Data for three different nitrogen parameters are shown in Figure 13, including ammonia (NH4), dissolved ammonia+organic nitrogen (NH4+ORG-N, dissolved), and total ammonia+organic nitrogen (NH4+ORG-N, total). All of these parameters are in units of mg/L as N, for easy comparability. Groundwater samples for these parameters plot higher and are more variable than the surface-water samples. Also, the groundwater samples have more positive outliers. The differences for NH4 are the most striking.

box plots of nitrogen parameters
Figure 13. Box plots showing comparison of nitrogen parameters in well waters with surface sea water. AMM = NH4, AMMO = dissolved NH4+ORG-N and AMMOT = total NH4+ORG-N. "S" added indicates sea water. [larger image]

Data for the three phosphorous parameters are shown in Figure 14. They are orthophosphate, dissolved phosphorus and total phosphorus, all in units of mg/L as P. These comparisons show tendencies similar to those for the nitrogen parameters shown in Figure 13.

box plots of three phosphorous parameters
Figure 14. Box plots for three phosphorous parameters. PORTHO = orthophosphate, PDIS = dissolved phosphorous, and PTOT = total phosphorous (in units of mg/L as P). "S" added indicates sea water. [larger image]

Dissolved and total organic carbon (DOC and TOC) in mg/L as C are shown in Figure 15. Although the medians are similar for both parameters, in both cases the groundwater data are more positively skewed.

box plots of dissolved organic carbon
Figure 15. Box plots of dissolved and total organic carbon DOC and TOC (in mg/L as C). "S" added indicates sea water. [larger image]

Hydrogen sulfide

The odor of hydrogen sulfide (H2S) was prevalent in waters from most wells. H2S blackened the drill rods and silver filters used to filter samples collected for dissolved organic carbon analysis. Thus, during the last sampling round, H2S was measured in the field to confirm earlier observations. The field method is described in the methods section.

Measurements of dissolved H2S were divided into four levels, none, low, medium and high.

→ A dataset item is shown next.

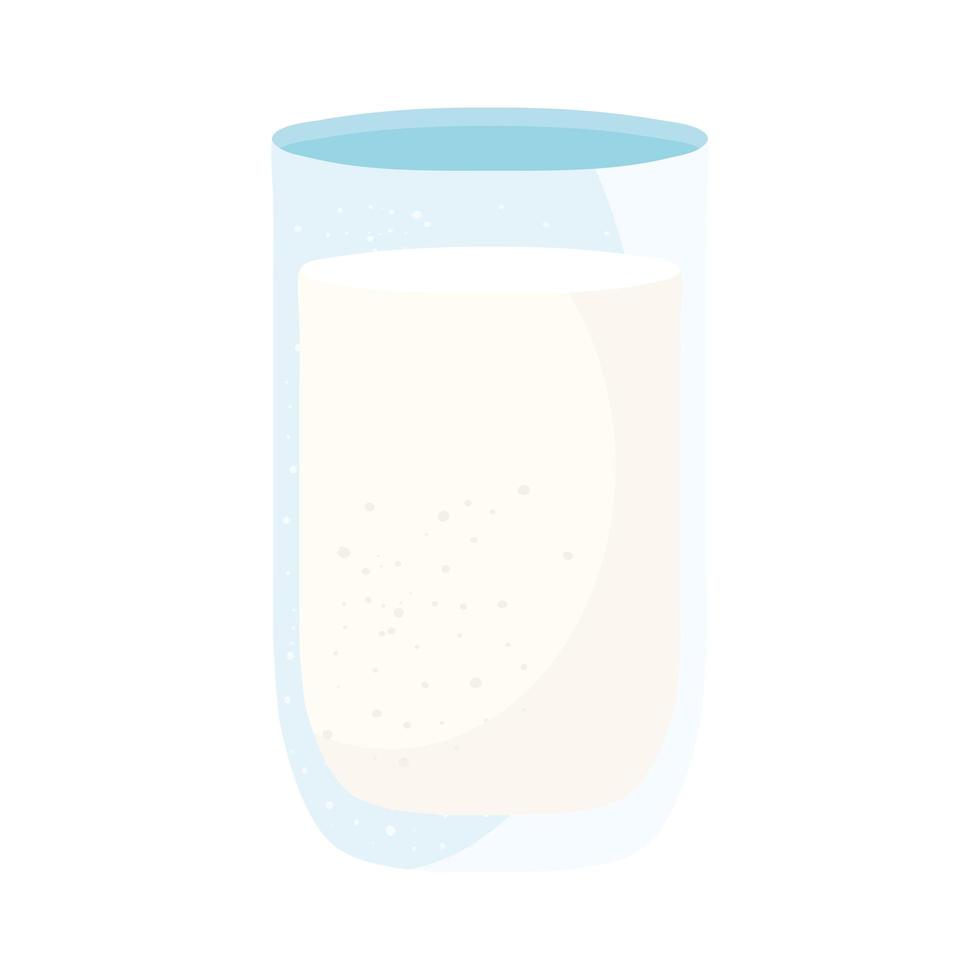 vaso con icono de bebida de leche vector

The values for these levels approximate (0) for 0 mg/L, (1) for less than 1 mg/L, (2) for 1 to 4 mg/L, and (3) for greater than 5 mg/L. These data are plotted against well depth in Figure 16. This plot shows a tendency for an increase in H2S concentration with well depth. However, several shallow wells also have high H2S. Presence of H2S is a reliable indicator of anoxic conditions and indicates poor exchange of oxygen from the surface. Whether the organics required for the sulfate reduction, which produces H2S, result from sewage or natural inputs cannot be determined at this time. Only a small amount of organic matter can result in consumption of all the dissolved O2 in ground water. The O2 is easily depleted because the solubility of O2 in water is low (Freeze and Cherry, 1979). Two natural sources of organic matter are likely: 1) hypersaline water formed at the surface during dry periods moves downward into the ground water, carrying with it dissolved and particulate organic material, and 2) daily introduction into the ground water during tidal pumping, although this mechanism should introduce O2 as well.

plot of H2S against depth
Figure 16. Plot of Hydrogen Sulfide (H2S) against depth. H2S units are described in text. Plot indicates increasing H2S concentration with well depth. [larger image]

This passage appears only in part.